A siete años, viejo ajedrecista.
“Jaque al rey”, se anuncia en uno de los tableros en los que el presidente de Estados Unidos trata de jugar una partida de ajedrez en tres dimensiones. Una partida que, por su propia complejidad, el mandatario no ha terminado de entender, y que no está ganando: el estado que guardan tanto el tablero de la esfera personal del presidente, como el de la escena nacional norteamericana, y el de su política exterior, no hacen sino definir el inicio de una debacle ampliamente anticipada. Jaque en tres, en tres tableros.
En tres tableros. En el de lo personal, la posición del presidente norteamericano se ve seriamente comprometida —jaque al rey— tras la captura y arresto de quien fuera su principal asesor e ideólogo, el repulsivo Roger Stone. La sujeción a proceso de quien, sin duda, es también un repositorio de secretos del mandatario, no es sino el primer embate dentro del círculo más cercano de Donald Trump, en el que —presumiblemente— sus propios hijos, y él mismo, podrían estar implicados en la investigación conducida por el fiscal especial, y que por instantes parece cerrarse sobre el actual inquilino de la Casa Blanca. Las jugadas se van agotando, y las piezas desaparecen, conforme Robert Mueller se aproxima: la respuesta de Trump, en el tiempo en que ha transcurrido este proceso, ha sido la creación de distractores en otros tableros.
En el tablero de la escena nacional estadunidense, por ejemplo. El muro que, en su momento fue una ocurrencia, posteriormente uno de los ejes de campaña y, a la postre, el leitmotiv de una presidencia sin mayor sustento ideológico que el de la división y el odio, acaba de ser abandonado —sin condiciones— por su mayor impulsor. Sin condiciones, tras poco más de un mes de una supuesta negociación que no fue más que el estupor de un jugador de ajedrez bisoño que no alcanza a reconocer sus propios errores, y no sabe salir de ellos: Jaque al rey, de nuevo.

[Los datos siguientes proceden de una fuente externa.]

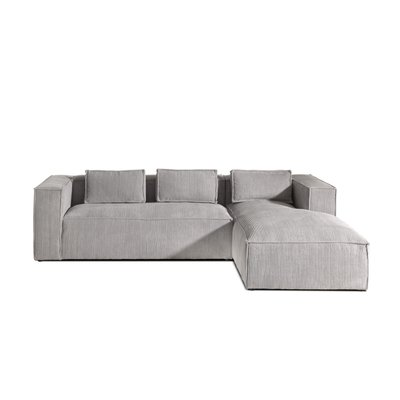 Canapé d'Angle droit en Velours côtelé 4 places - STELLA LISA DESIGN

El shutdown que afectó a miles de familias no sirvió sino para poner en evidencia la falta de aptitud —y de carácter— del presidente, así como la falta de humanidad de los miembros de su gabinete. Pusilánime, le gritaron desde la tribuna quienes esperaban que siguiera en su postura; pusilánime, se burlaron de él quienes obtuvieron la capitulación de un hombre cuyo ego está herido y se revuelve mientras anuncia que en tres semanas estará de regreso.
Tres semanas en las que cualquier cosa podría ocurrir: si bien es cierto que, tanto en el tablero personal, como en el de la escena personal, las partidas se aproximan al jaque mate, el tablero de la política exterior ofrece una —¿insospechada?— oportunidad para que el presidente norteamericano vuelva a conectar con el núcleo duro al que acaba de fallar, con el muro, y que sería el dispuesto a brindarle su apoyo ante las acusaciones que, en su contra y de su familia, pudieran desprenderse de las investigaciones de la trama rusa. Un hoyo que se abre, para tapar otro abierto para tapar uno más: no es arriesgado afirmar que, en las circunstancias actuales, la gobernabilidad de Venezuela, y el futuro de Nicolás Maduro, estarán muy presentes en el anunciado regreso de Donald Trump. El tiempo lo es todo: ¿para qué más le alcanza?

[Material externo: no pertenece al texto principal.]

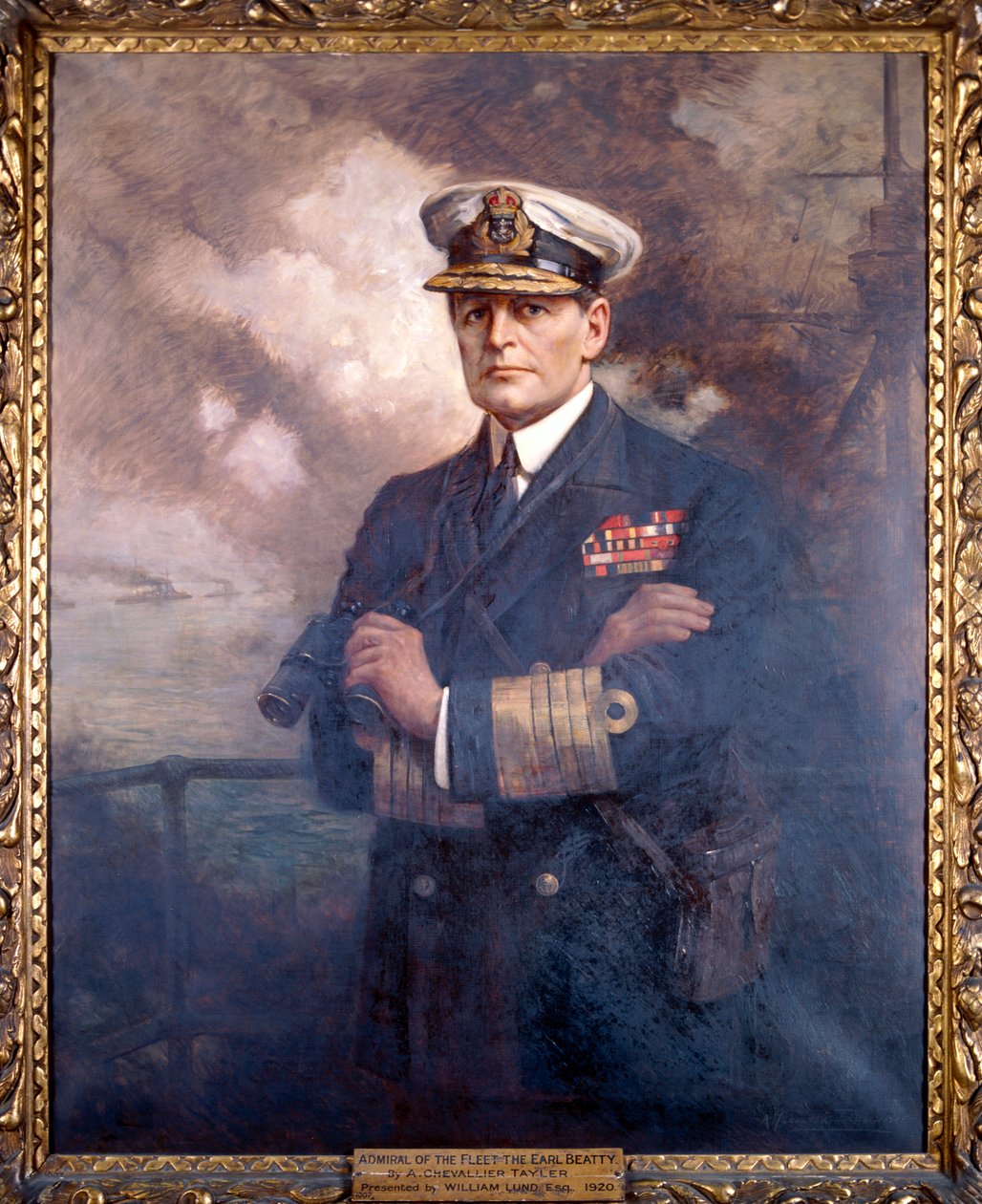 Donanma Amirali Earl Beatty, 1920 by Albert Chevallier Tayler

La situación en Venezuela, y la de millones de familias que sufren la dictadura de un régimen autocrático, depende en estos momentos —y en buena medida— de las decisiones de un hombre que se verá impulsado hacia lo correcto, aunque sea por las razones equivocadas. Trump es impresentable, es cierto; la caída del régimen venezolano le daría un respiro a su presidencia, lo es más. Trump, sin embargo, se aproxima a su propio encuentro con la historia; el régimen de Maduro —por su parte— debería de enfrentarlo, tras las manifestaciones de la ciudadanía venezolana y el apoyo de la comunidad internacional, al final de esta coyuntura. La partida de Trump está por terminar, aunque en el camino recurra a los manotazos en los tableros que se le cierran: la partida del pueblo venezolano está por comenzar, aunque los amigos decidan alinearse del lado de los dictadores escudándose en la Doctrina Estrada.

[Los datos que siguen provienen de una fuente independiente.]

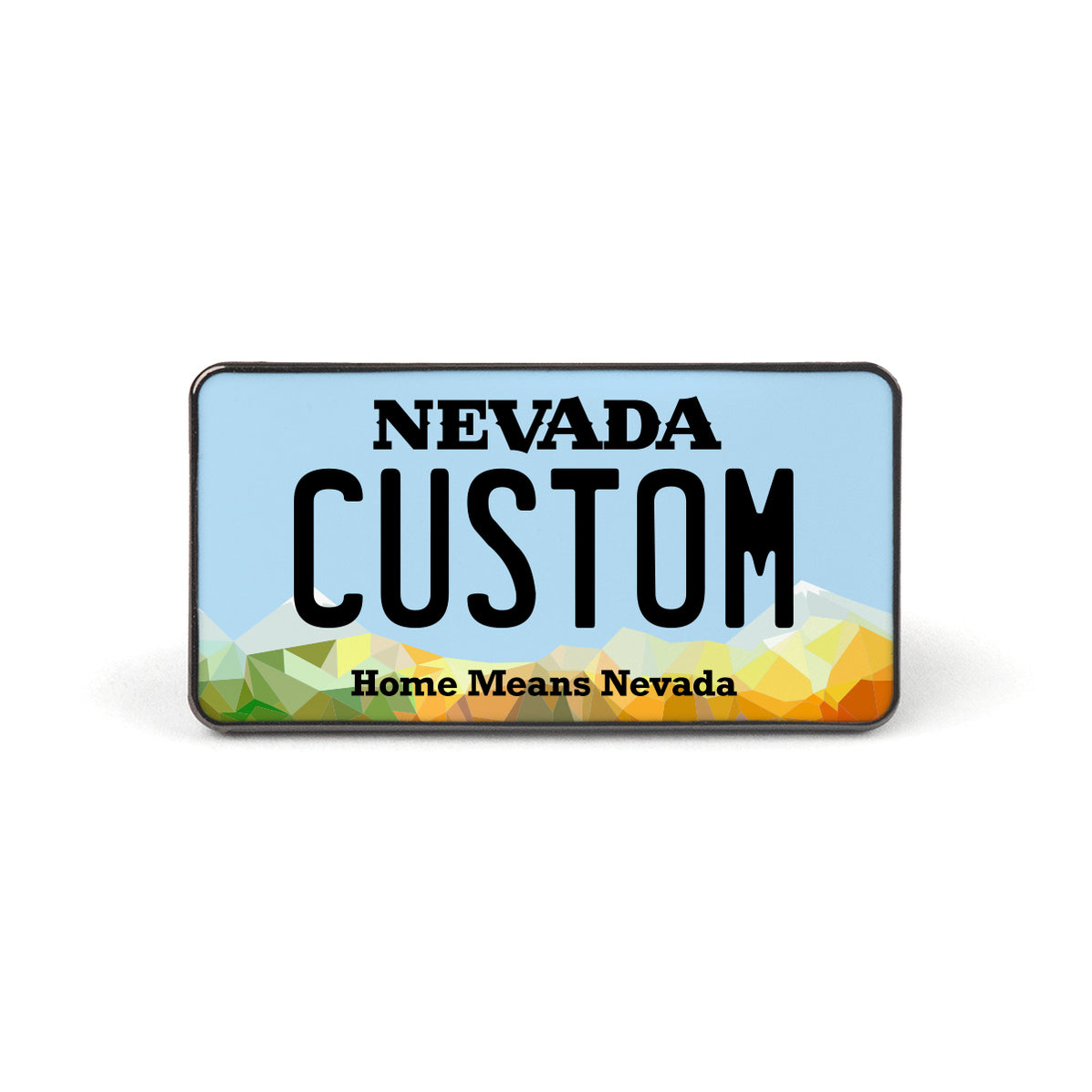 Nevada 2022 License Plate Enamel Pin — CityLocs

En Venezuela, la gente sufre sin que tenga importancia que al final ganen Trump o Bolsonaro. Sin importar que México se ciña a una doctrina que hizo sentido en 1930. Sin importar nada que no sea la situación desesperada ante la que el Gobierno de México ha tomado una postura muy clara: en estos casos la no intervención es —también— una declaración de principios en uno de los tableros que —tampoco— dominamos.